Your client is SleepInc, a sleep health company that recently launched a sleep-tracking app called SleepScope. The app monitors sleep patterns and collects users' self-reported data on lifestyle habits. SleepInc wants to identify lifestyle, health, and demographic factors that strongly correlate with poor sleep quality. They need your help to produce visualizations and a summary of findings for their next board meeting! They need these to be easily digestible for a non-technical audience!

💾 The data

SleepInc has provided you with an anonymized dataset of sleep and lifestyle metrics for 374 individuals. This dataset contains average values for each person calculated over the past six months.

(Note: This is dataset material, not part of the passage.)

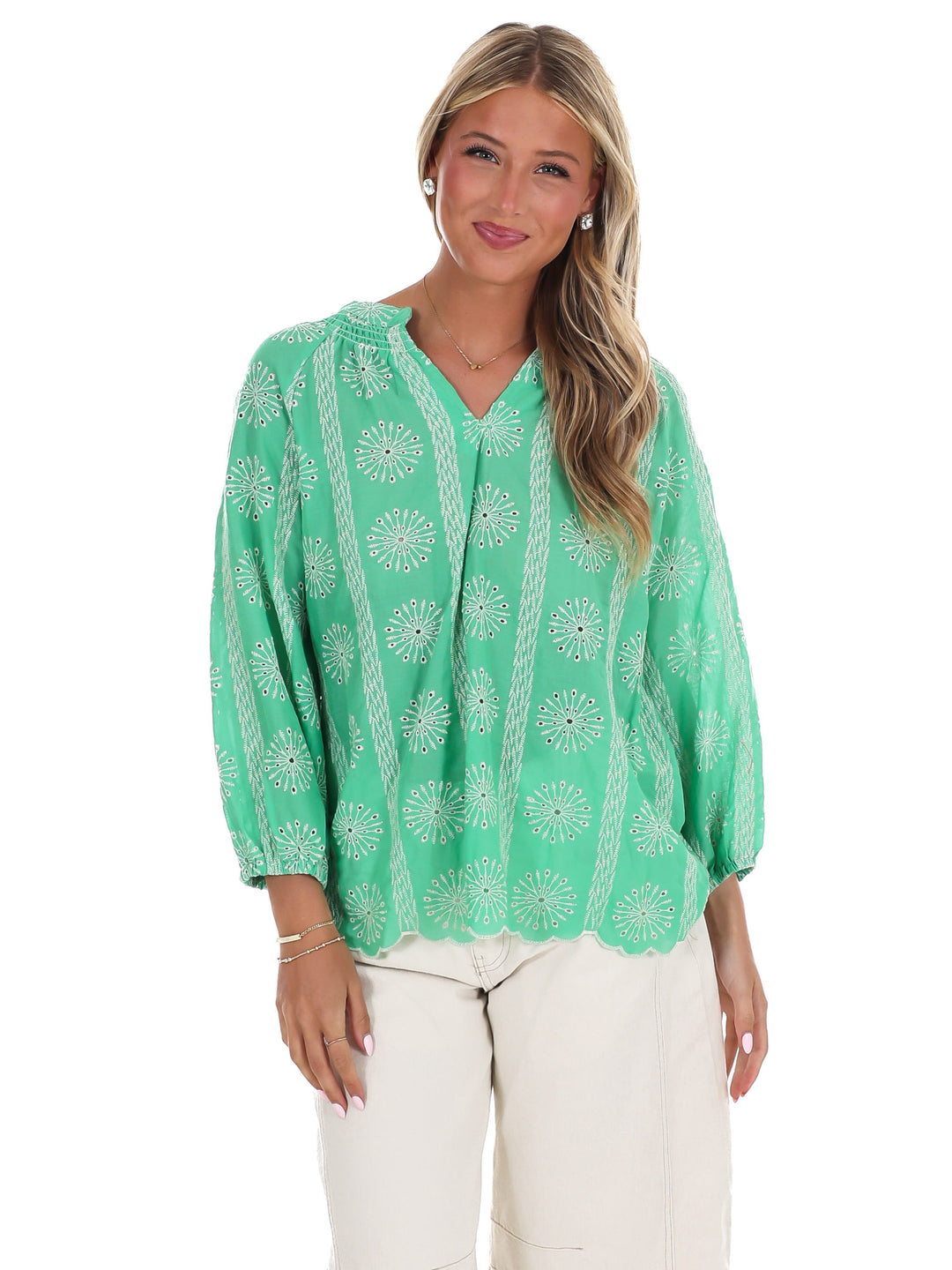 Every Morning Eyelet Lace Top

The dataset includes 13 columns covering sleep duration, quality, disorders, exercise, stress, diet, demographics, and other factors related to sleep health.

ColumnDescription
Person IDAn identifier for each individual.
GenderThe gender of the person (Male/Female).
AgeThe age of the person in years.
OccupationThe occupation or profession of the person.
Sleep Duration (hours)The average number of hours the person sleeps per day.
Quality of Sleep (scale: 1-10)A subjective rating of the quality of sleep, ranging from 1 to 10.
Physical Activity Level (minutes/day)The average number of minutes the person engages in physical activity daily.
Stress Level (scale: 1-10)A subjective rating of the stress level experienced by the person, ranging from 1 to 10.
BMI CategoryThe BMI category of the person (e.g., Underweight, Normal, Overweight).
Blood Pressure (systolic/diastolic)The average blood pressure measurement of the person, indicated as systolic pressure over diastolic pressure.
Heart Rate (bpm)The average resting heart rate of the person in beats per minute.
Daily StepsThe average number of steps the person takes per day.
Sleep DisorderThe presence or absence of a sleep disorder in the person (None, Insomnia, Sleep Apnea).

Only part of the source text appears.